Exercise data ->
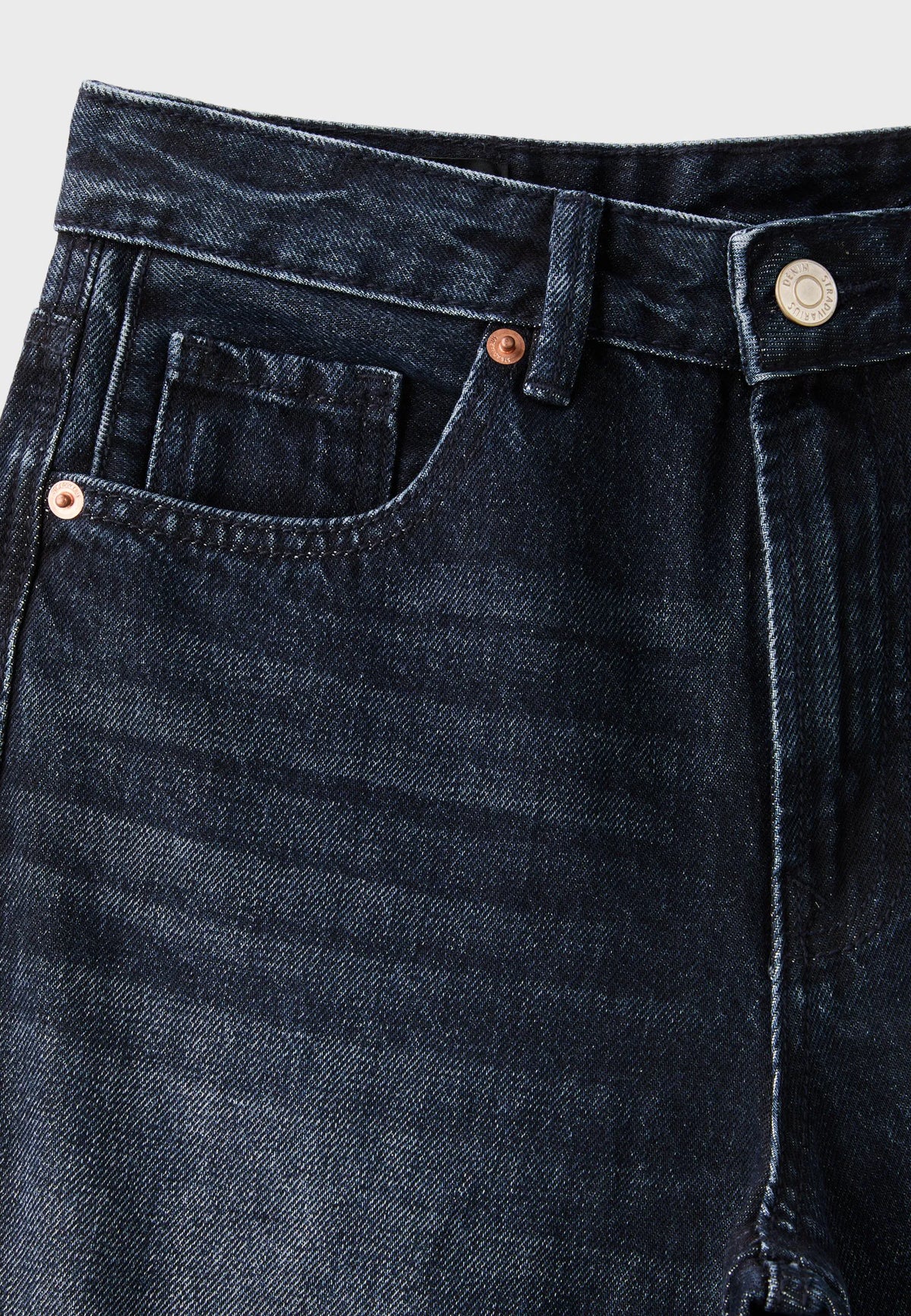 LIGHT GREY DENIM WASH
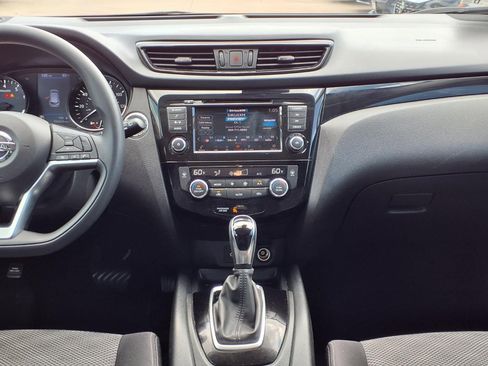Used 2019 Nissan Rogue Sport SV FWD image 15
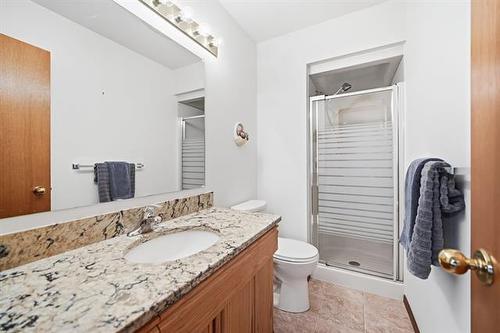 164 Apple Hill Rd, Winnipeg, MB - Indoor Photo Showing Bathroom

What you have to do ->
Your task is to restate word for word the lines from the line holding "Used 2019 Nissan Rogue Sport SV FWD image 15" through the final line of the listing, both included, but none of the pictures.

Solution below ->
Used 2019 Nissan Rogue Sport SV FWD image 15
 164 Apple Hill Rd, Winnipeg, MB - Indoor Photo Showing Bathroom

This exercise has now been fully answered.